8 Jan 2020 by Janise Wood in: Dates, Events and Publications

Contents:

  • Are these bushfires caused by climate change?
  • Will Australia’s bushfires get worse?
  • Did we know this was coming?
  • The Planned Burning Debate
  • Is cultural burning the same as planned burning?
  • Spare a thought for our wildlife
  • How should we respond?
  • What does this mean for the church?

 

 

Are these bushfires caused by climate change?

There is a direct link between the unprecedented nature of these bushfires and climate change, because climate change exacerbates the conditions in which bushfires happen.[1]

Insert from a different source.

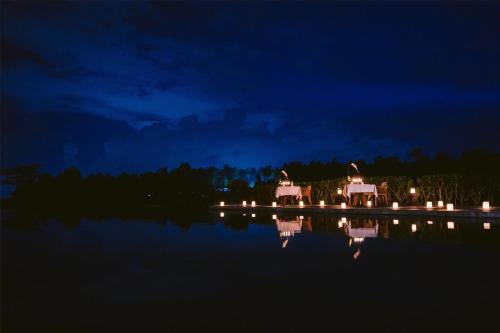a night view of a house with lights on the water at Alila Ubud in Ubud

There is a complex but clear relationship between rising greenhouse gas emissions and increased bushfire risk. “Climate change does not create bushfires but it can and does make them worse.”[2]

“A number of factors contribute to bushfire risk, including temperature, fuel load, dryness, wind speed and humidity.”[3]

According to Greg Mullins, Former Fire and Rescue NSW commissioner, what we have been seeing includes:

“Unprecedented dryness; reductions in long-term rainfall; low humidity; high temperatures; wind velocities; fire danger indices; fire spread and ferocity; instances of pyro-convective fires (fire storms – making their own weather); early starts and late finishes to bushfire seasons. An established long-term trend driven by a warming, drying climate. The numbers don’t lie, and the science is clear.

If anyone tells you, “This is part of a normal cycle” or “We’ve had fires like this before”, smile politely and walk away, because they don’t know what they’re talking about.”[4]

Record breaking heat across the country made 2019 the hottest year on record for Australia, with the average temperature being 1.52C above the long-term average taken between 1961 and 1990. This is followed by 2013, 2005, 2018 and 2017.[5] This increase in temperature, along with record breaking drought, has increased dangerous fire conditions and lengthened the fire season.[6]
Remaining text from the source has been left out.